### Task statement
Begin with the line holding "TX license plate DYR2397" and end with the last line of the records below. Set down exactly those lines and leave out every picture.

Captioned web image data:
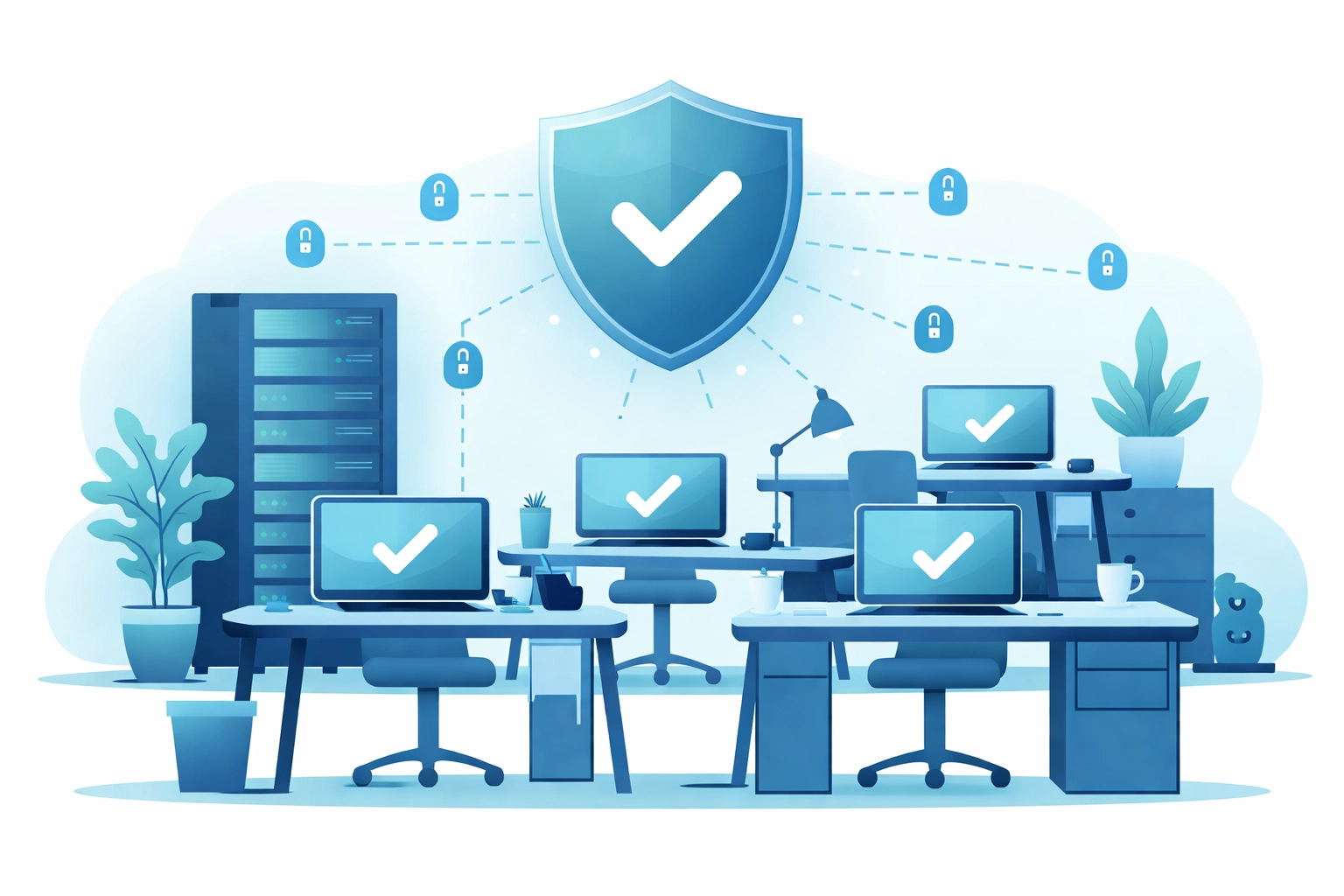 Small business office with computers and shield icon showing secure managed IT services in Venice FL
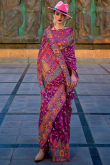 Plum Purple Chanderi Silk Thread Weaved Broad Border Saree 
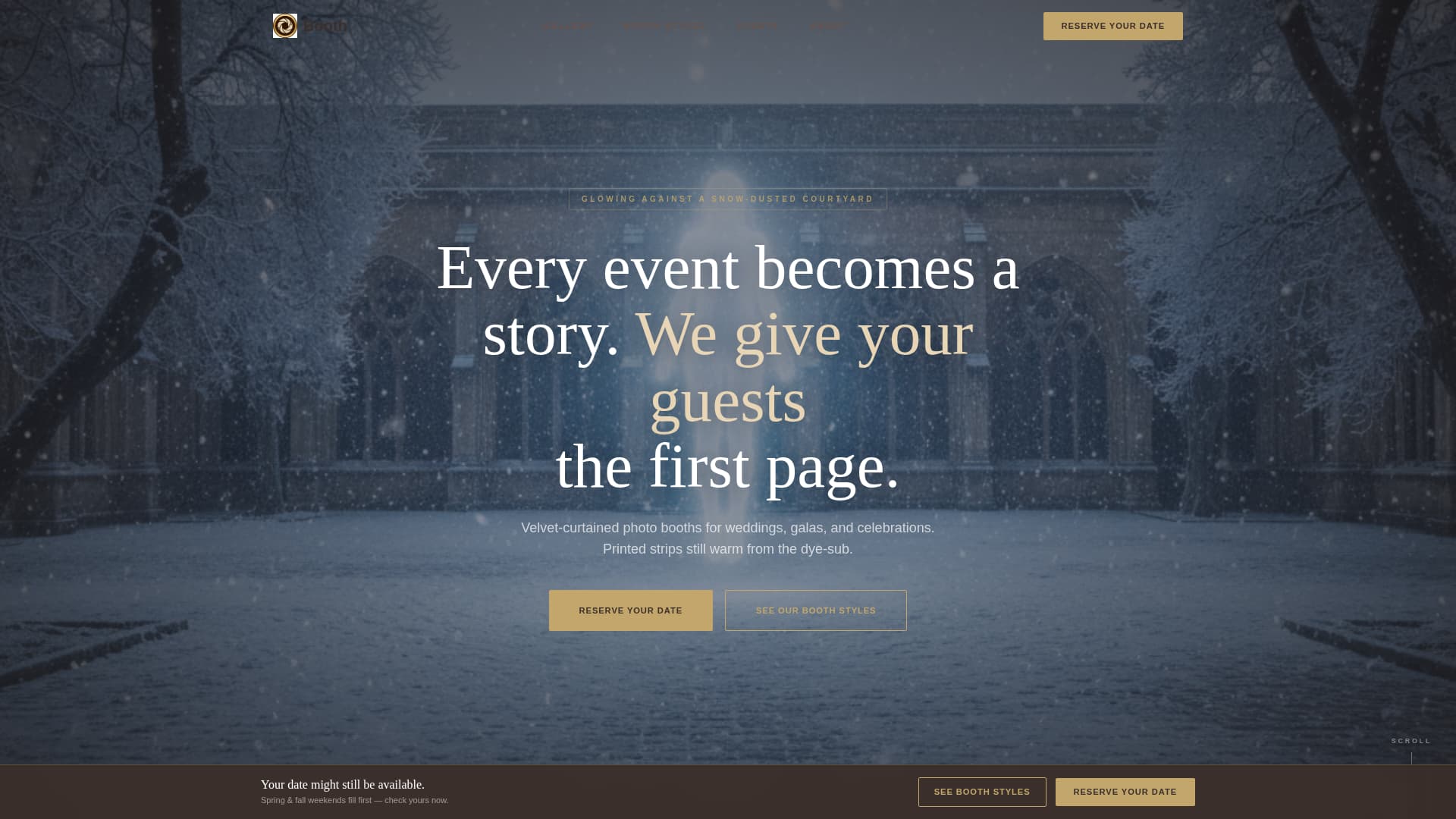 Booth - Timeless Photo Booth Landing Page Template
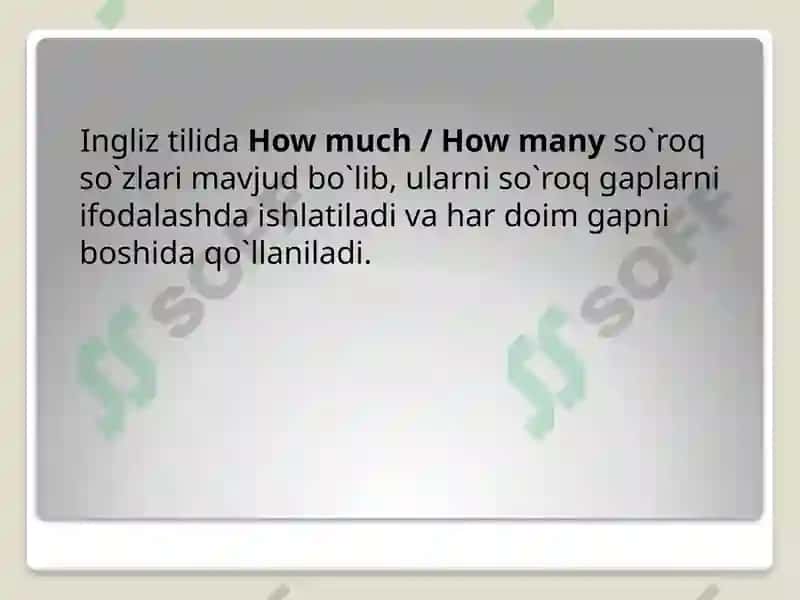 Ingliz tili - How much / How many so`roq so`zlar 2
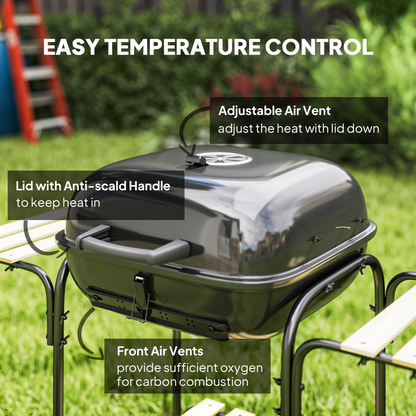 Portable Charcoal BBQ Grill with Lockable Lid & Adjustable Vent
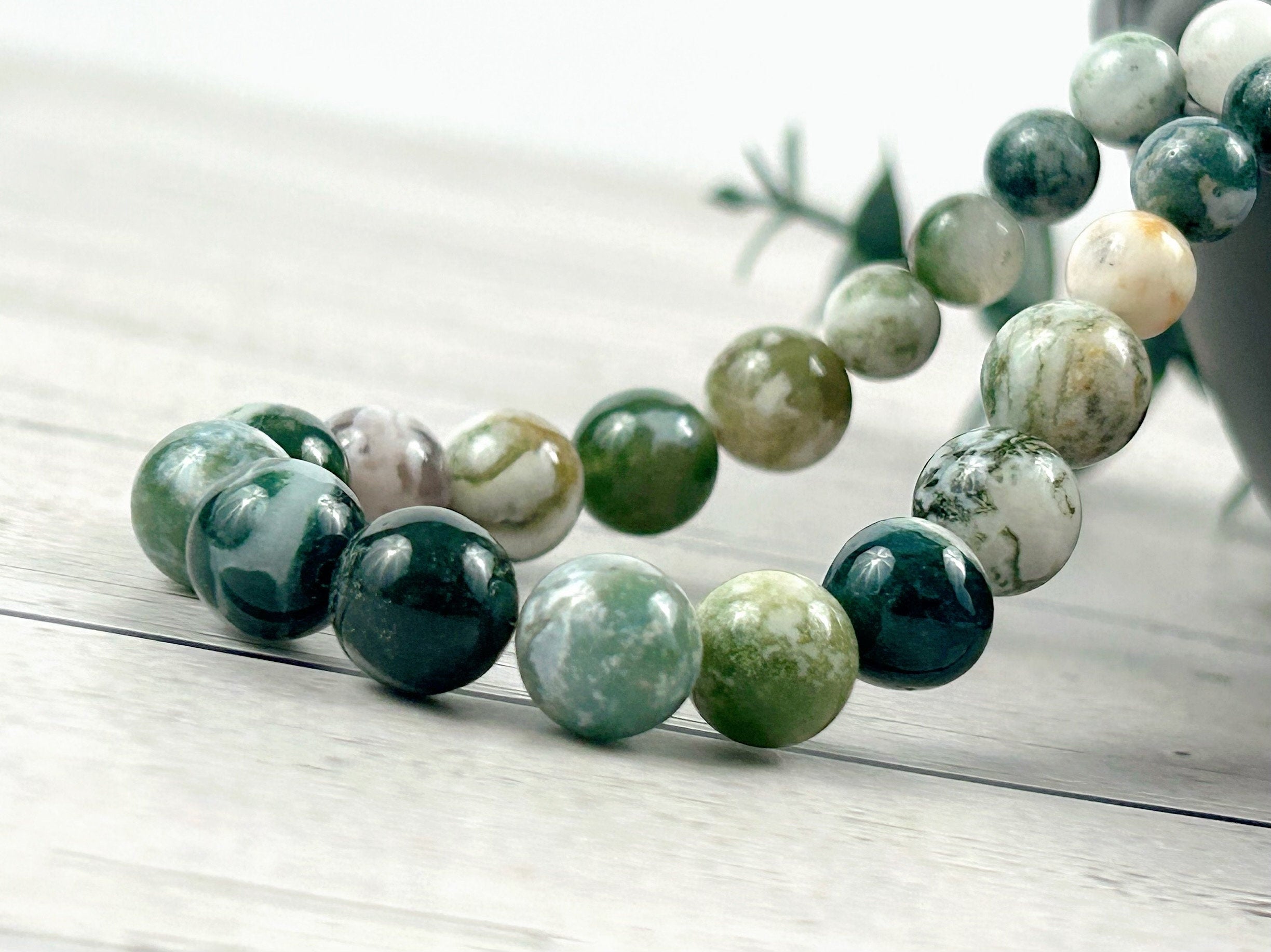 Tree Agate Necklace, Green Beaded Necklace, Natural Stones Jewelry, Healing Gemstone Necklace, Personalized Necklace, Yoga Gemstone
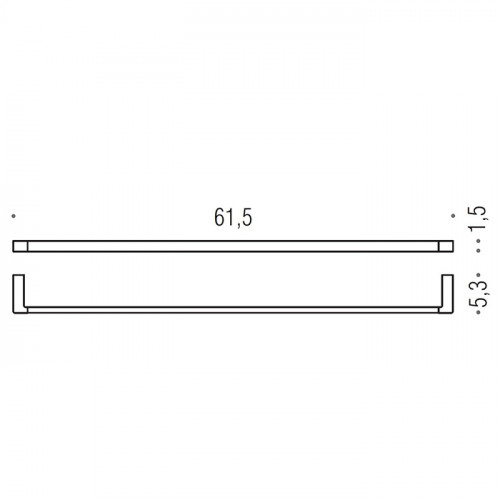Colombo MiniQ Полотенцедержатель 61,5см, цвет: PVD нержавеющая сталь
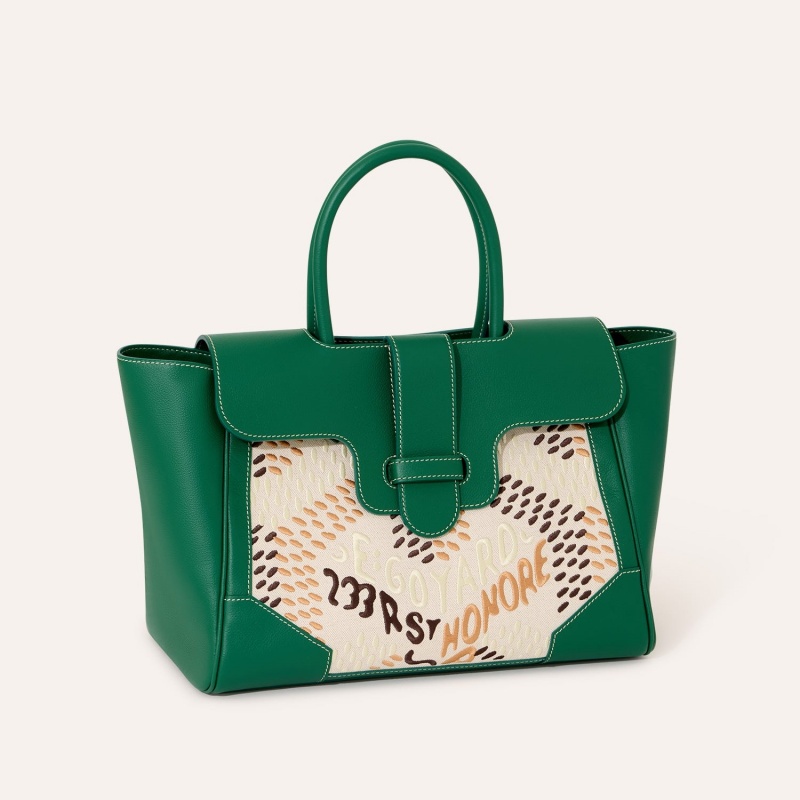 Goyard Saigon Tote Green Embroidery Limited Edition Hand Tote Bag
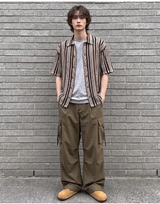 マルチストライプクロシェットショートスリーブニットシャツ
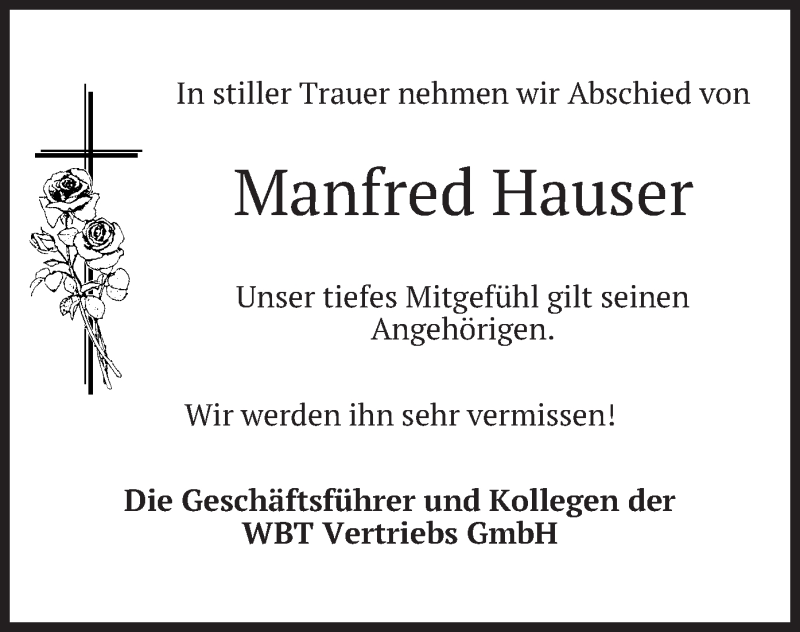  Traueranzeige für Manfred Hauser vom 19.03.2020 aus merkurtz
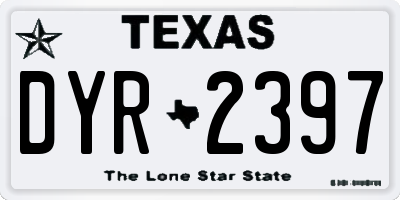 TX license plate DYR2397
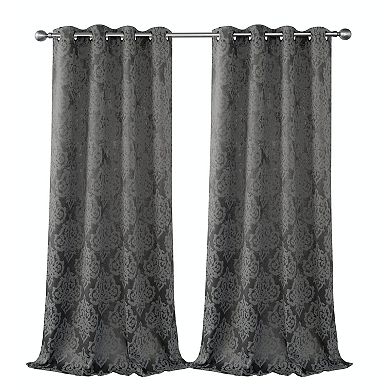 Kate Aurora 2 Pack Delaney Room Darkening Damask Print Grommet Curtain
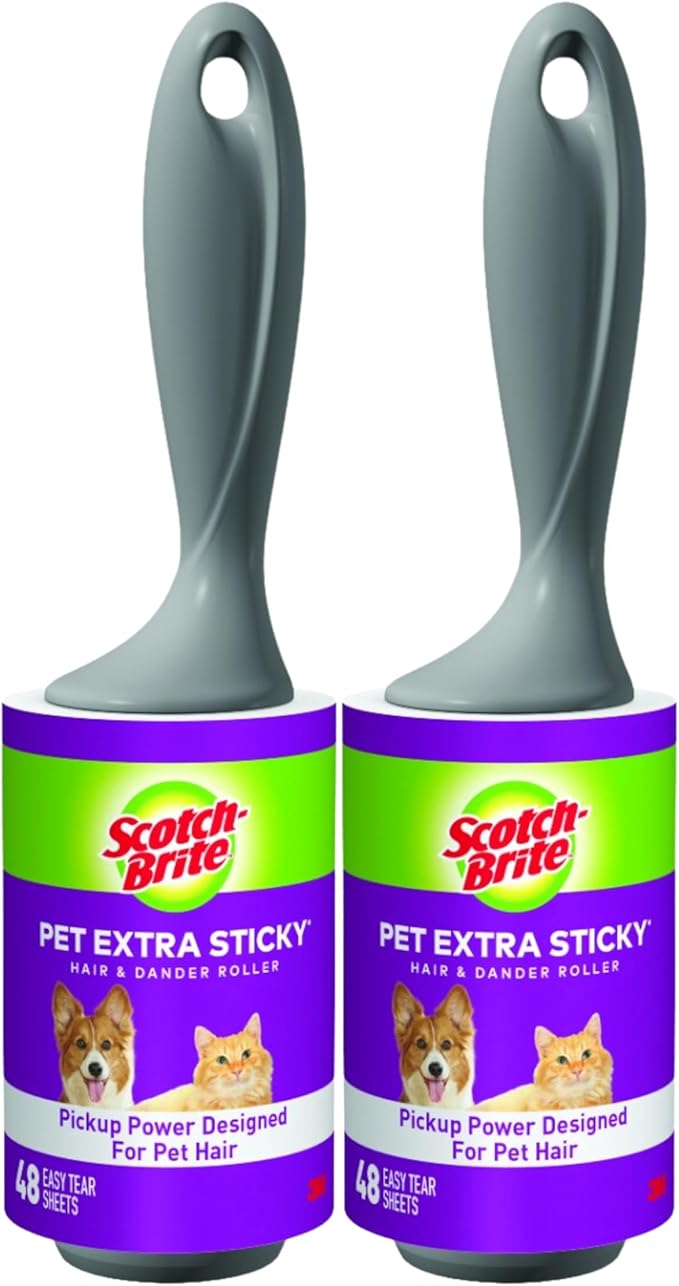 Scotch-Brite Pet Hair Pickup Extra Sticky Lint Roller, 50% Stickier, Fur & Fluff Remover for Clothes, Couches, Dog Beds & Car Seats, 4 in x 22.5 ft, 2 Pack, 96 Sheets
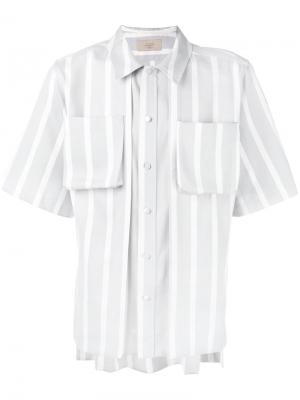 Свободная рубашка с короткими рукавами Maison Flaneur. Цвет: серый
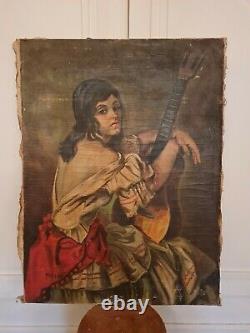 Ancient Oil On Canvas, Gypsy With His Guitar, Signed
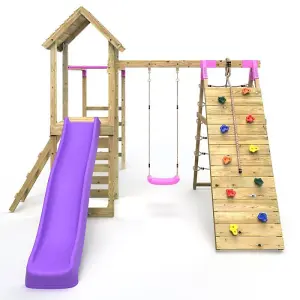 Rebo Wooden Climbing Frame with Swings, Slide, Up & over Climbing wall and Monkey Bars - Carpathian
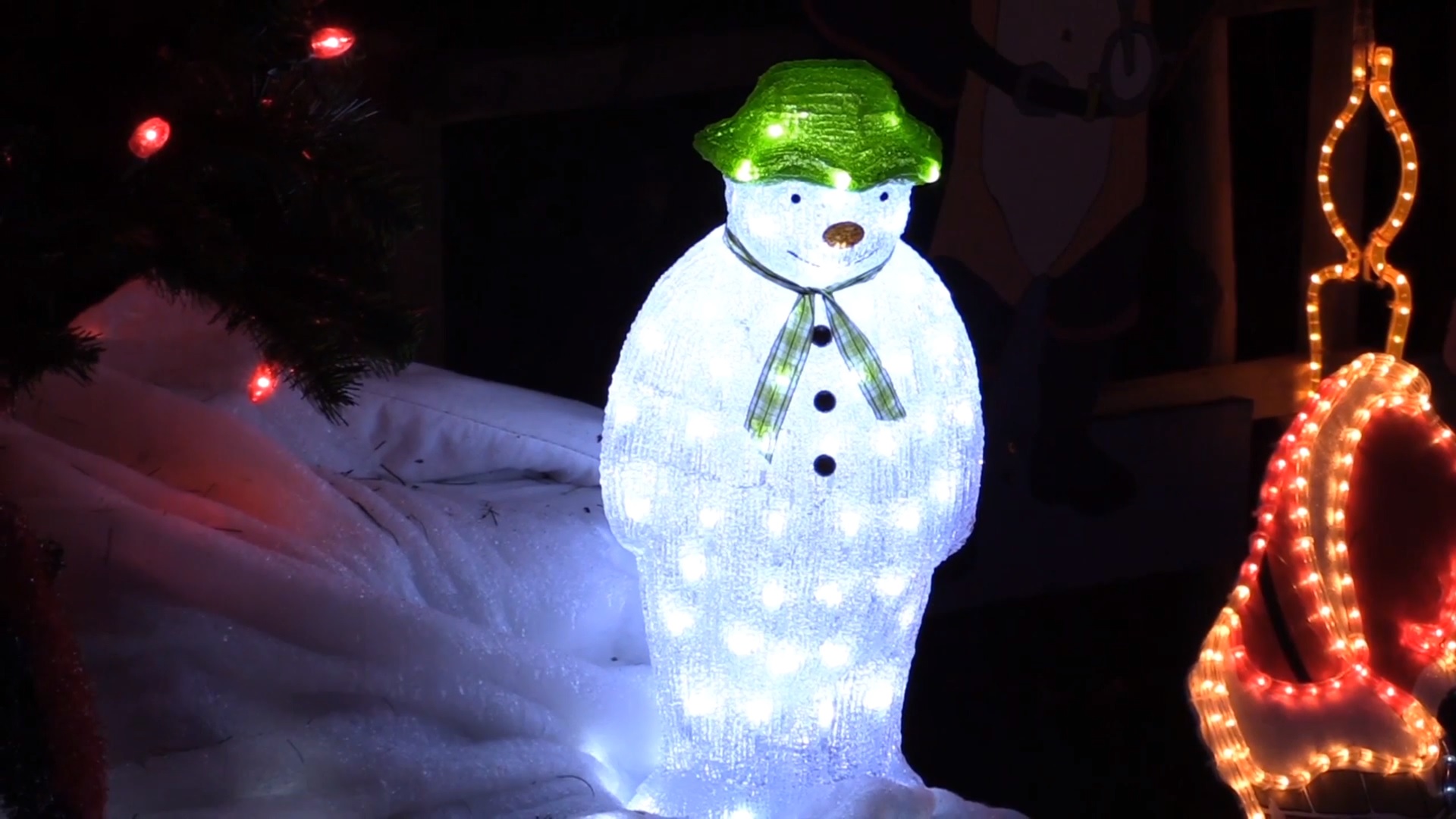 Christmas lights in a village in East Sussex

### Response area
 TX license plate DYR2397
 Kate Aurora 2 Pack Delaney Room Darkening Damask Print Grommet Curtain
 Scotch-Brite Pet Hair Pickup Extra Sticky Lint Roller, 50% Stickier, Fur & Fluff Remover for Clothes, Couches, Dog Beds & Car Seats, 4 in x 22.5 ft, 2 Pack, 96 Sheets
 Свободная рубашка с короткими рукавами Maison Flaneur. Цвет: серый
 Ancient Oil On Canvas, Gypsy With His Guitar, Signed
 Rebo Wooden Climbing Frame with Swings, Slide, Up & over Climbing wall and Monkey Bars - Carpathian
 Christmas lights in a village in East Sussex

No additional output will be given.